Equation (11) implies that the after-tax wage in the other state is decreasing in $ t_{i} $, that is

$$ \frac{{\partial w_{j}^{n} }}{{\partial t_{i} }} = \left( {1 - t_{j} } \right)F_{j}^{{\prime \prime }} \frac{{\partial L_{j}^{*} }}{{\partial t_{i} }} < 0 $$

(13)

In the Appendix, we solve the local government’s problem and derive the following results;

Proposition 2

Consider an economic federation made up of two member states and a federal government where the latter raises revenue from the local governments via fees that are proportional to each state’s GDP, and where labor is mobile between the member states.

(i)

In the noncooperative Nash equilibrium, the local government’s optimal policy features$ \phi_{i}^{{\prime }} /u_{c}^{i} = 1 $and the following (marginal) tax on labor income

$$ t_{i} = a_{i} \left( {l_{i}^{*} - L_{i}^{*} } \right)\frac{{\partial w_{j}^{n} }}{{\partial t_{i} }} + s_{i} . $$

(14)

(ii)

Under decentralized leadership, the local government’s optimal policy features$ \phi_{i}^{{\prime }} /u_{c}^{i} = 2 $and the following (marginal) tax on labor income

$$ t_{i} = a_{i} \left( {l_{i}^{*} - L_{i}^{*} } \right)\frac{{\partial w_{j}^{n} }}{{\partial t_{i} }} + a_{i} t_{j} \frac{{\partial I_{j}^{*} }}{{\partial t_{i} }}. $$

(15)

As a point of reference, let us first consider what the outcome would be under cooperation, where a central planner makes all tax and expenditure decisions. This outcome is obtained by solving the same problem as in Sect. 3.1 with the exception that labor is mobile. It can be shown that the solution to this problem will be the same as that outlined in Sect. 3.1, i.e., the central planner implements the first best policy $ \phi_{i}^{{\prime }} /u_{c}^{i} = 1 $ and $ t_{i} = 0 $.

With this benchmark in mind, let us first interpret the tax policy implemented by the local government in the noncooperative Nash equilibrium. The first term on the right-hand side in Eq. (14) reflects a pecuniary motive to influence the after-tax wage in the other state. This type of motive is well understood from the literature on tax competition (see, e.g., Peralta and van Ypersele 2005; Itaya et al. 2008; Ogawa 2013). In the context of this model, it implies that if state i is a net exporter of labor ($ l_{i}^{*} > L_{i}^{*} $), then an increase in the after-tax wage in the other state will have a positive effect on the factor income from abroad. This provides government i with an incentive to use tax policy to push up $ w_{j}^{n} $. An increase in $ w_{j}^{n} $ can be accomplished by subsidizing domestic labor via a reduction in $ t_{i} $. This reduces the export of labor to state j which contributes to push up $ w_{j}^{n} $. If state i instead is a net importer of labor ($ l_{i}^{*} < L_{i}^{*} $), then the argument for a higher (marginal) tax rate is analogous. As for the second term on the RHS in Eq. (14), it shows that the proportional fee motive for taxing labor, which is discussed in Sect. 3.2, is present also when labor is mobile.

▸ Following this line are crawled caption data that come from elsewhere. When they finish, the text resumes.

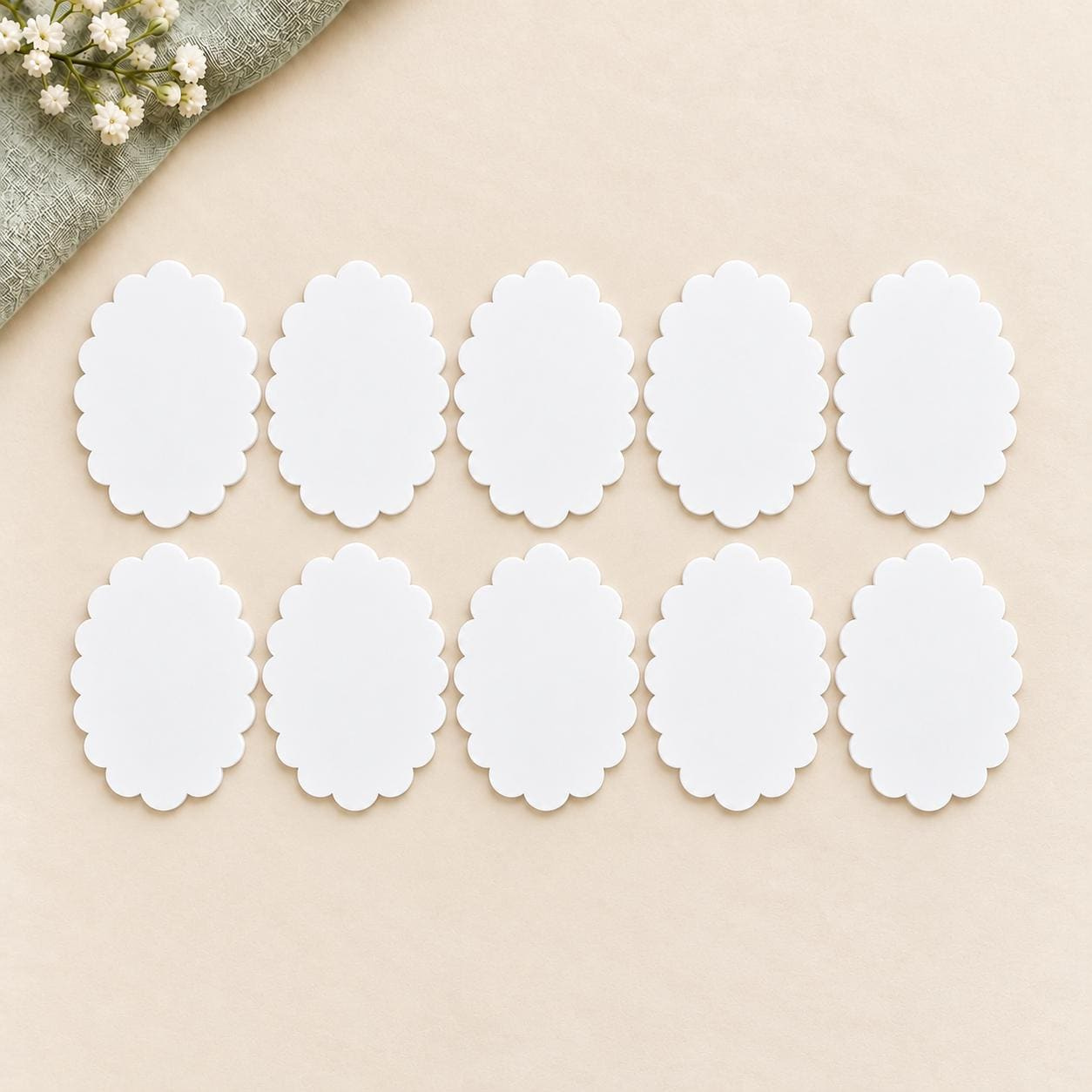 White Acrylic Scalloped Oval Blanks, Wavy Edge, 2-8 Inches, Pack of 10/20/40, Optional Hole 4 - MeasureMason White Acrylic Scalloped Oval Blanks, Wavy Edge, 2-8 Inches, Pack of 10/20/40, Optional Hole 4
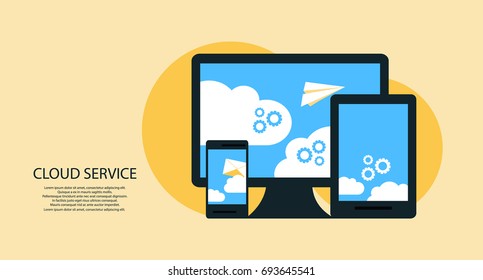 modern cloud services and Cloud Computing Elements Concept. Devices connected to the cloud with  Gears. Flat Vector Illustration.
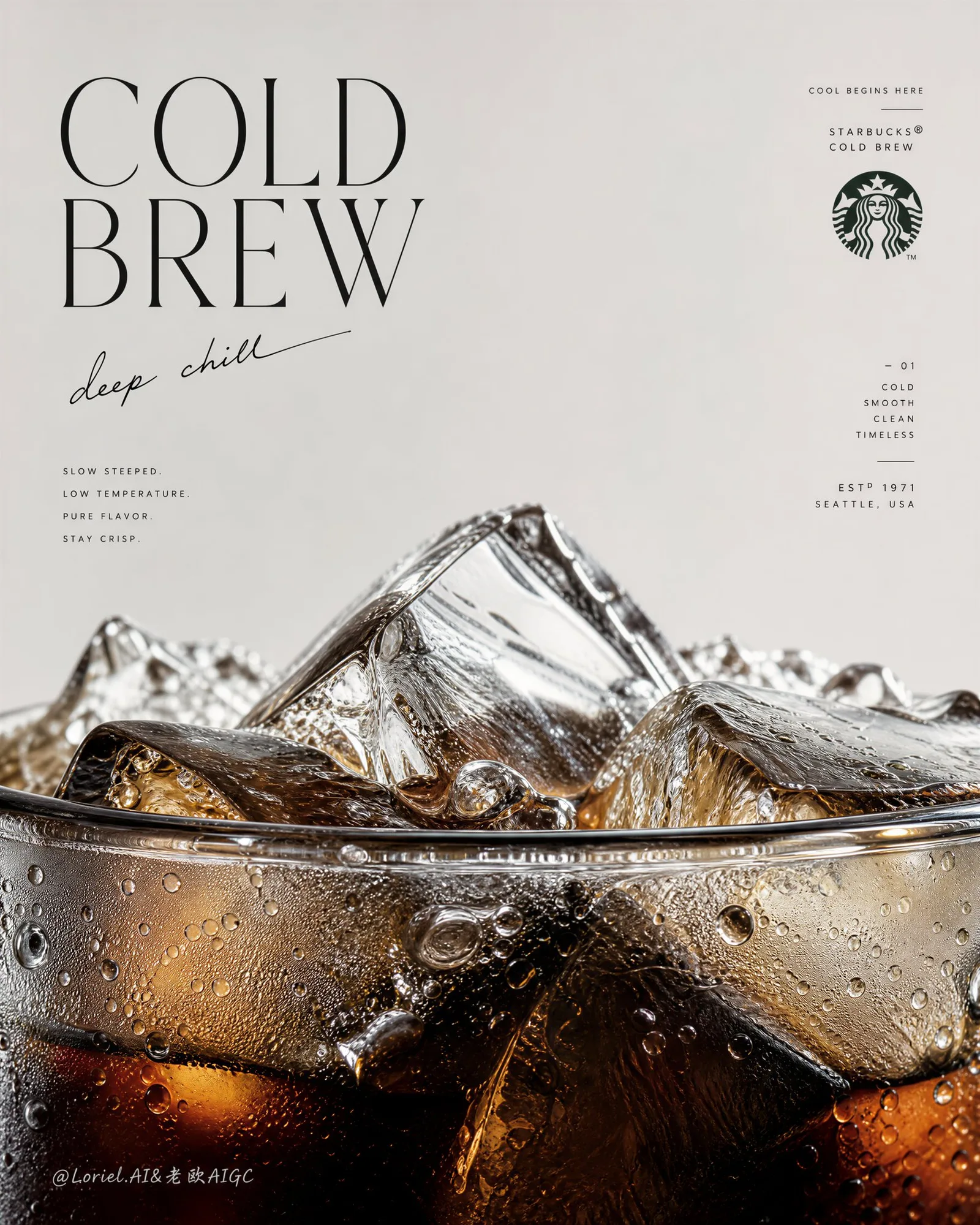 โปสเตอร์ Starbucks Cold Brew สไตล์นิตยสารมินิมอล 1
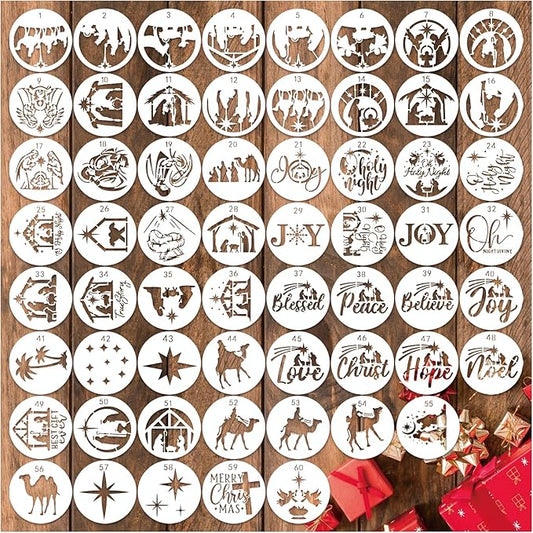 60pcs Christmas Stencils for Painting on Wood 3 Inch Small Nativity Ornament Reusable Holiday Xmas Drawing Stencil Templates for Wood DIY Crafts Card Paper Gift Home (Nativity Two)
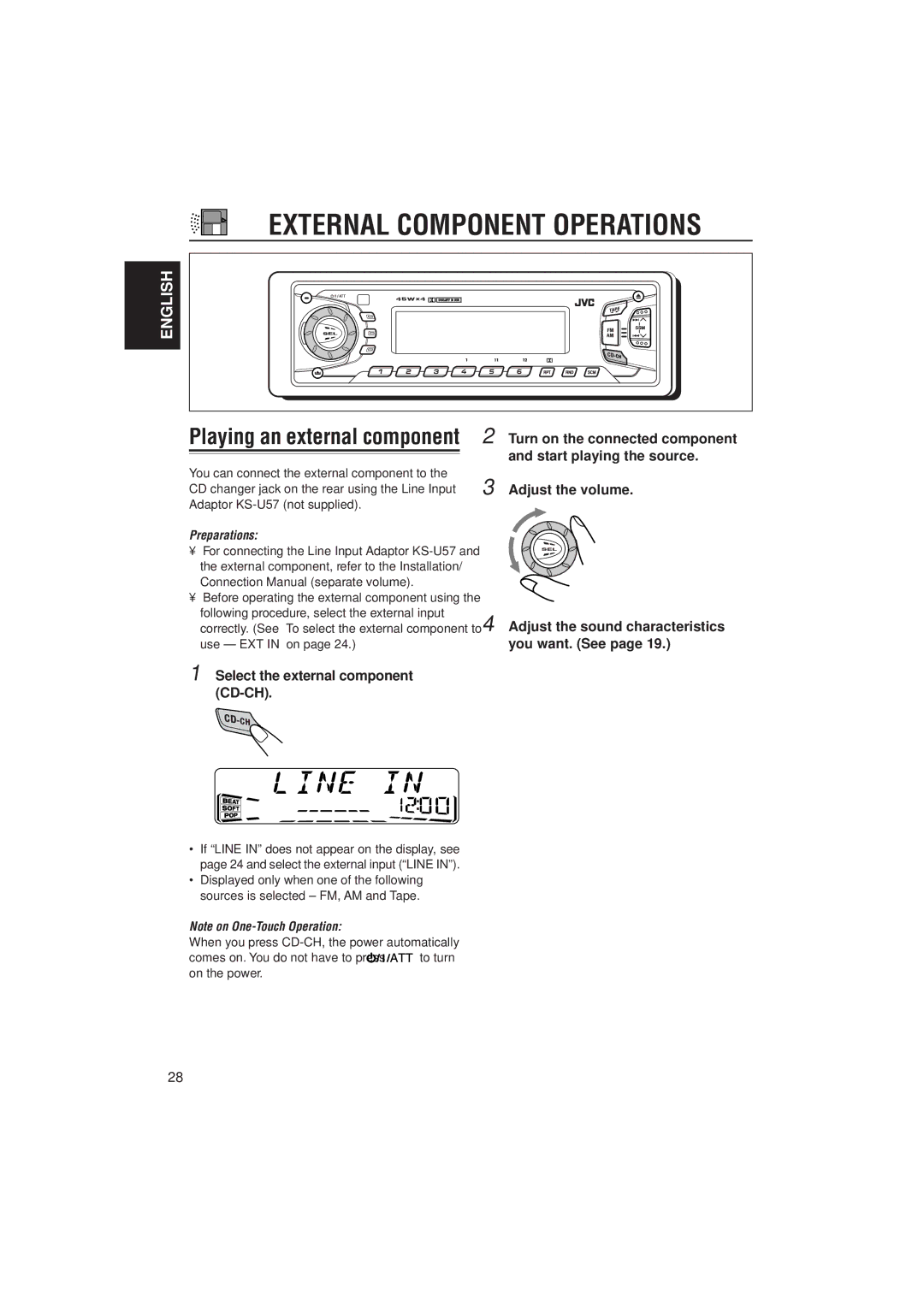 JVC KS-FX815, KS-FX915R manual External Component Operations, Select the external component CD-CH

Turning to the tax policy implemented under decentralized leadership, we begin by recalling that the decentralized leader implements $ t_{i} = 0 $ in the closed economy. Part (ii) in Proposition 2 shows that this result does not hold when labor is mobile. Instead, labor mobility provides the decentralized leader with two distinct motives for implementing a nonzero tax on labor. The first is the pecuniary motive which was discussed in the previous paragraph, while the second is to use $ t_{i} $ to influence the size of the tax base for labor in the other state; $ I_{j}^{*} \left( {t_{i} ,t_{j} } \right) = w_{j}^{*} \left( {t_{i} ,t_{j} } \right)L_{j}^{*} \left( {t_{i} ,t_{j} } \right) $. The reason is that an increase in $ I_{j}^{*} $ leads to more tax revenue in state j (as long as $ t_{j} > 0 $) which, ceteris paribus, provides the federal government with an incentive to redistribute resources from state j to state i via a lower federal tax rate $ s_{i} $. Since this effect works via the federal reaction function, it will only appear when the local government is able to exercise decentralized leadership. We will therefore refer to this as the decentralized leadership motive behind labor income taxation. If $ \partial I_{j}^{*} /\partial t_{i} > 0 $ ($ \partial I_{j}^{*} /\partial t_{i} < 0 $), the decentralized leadership motive provides the local government with an incentive to set $ t_{i} $ higher (lower) than otherwise. The sign of $ \partial I_{j}^{*} /\partial t_{i} $ is determined by:

$$ {\text{sign}} \frac{{\partial I_{j}^{*} }}{{\partial t_{i} }} = {\text{sign }}\left( {1 + \frac{1}{{\varepsilon_{j}^{d} }}} \right) $$

(16)

where $ \varepsilon_{j}^{d} = \left( {{\text{d}}L_{j}^{d} / {\text{d}}w_{j} } \right)w_{j} /L_{j} < 0 $ is the elasticity of labor demand.¹⁷ Equation (16) implies:

Corollary 1

If the local government in state i exercises decentralized leadership, then the decentralized leadership motive provides the local government with an incentive to implement a higher (lower) tax on labor if the labor demand elasticity in the other state exceeds (falls short of) one in absolute value.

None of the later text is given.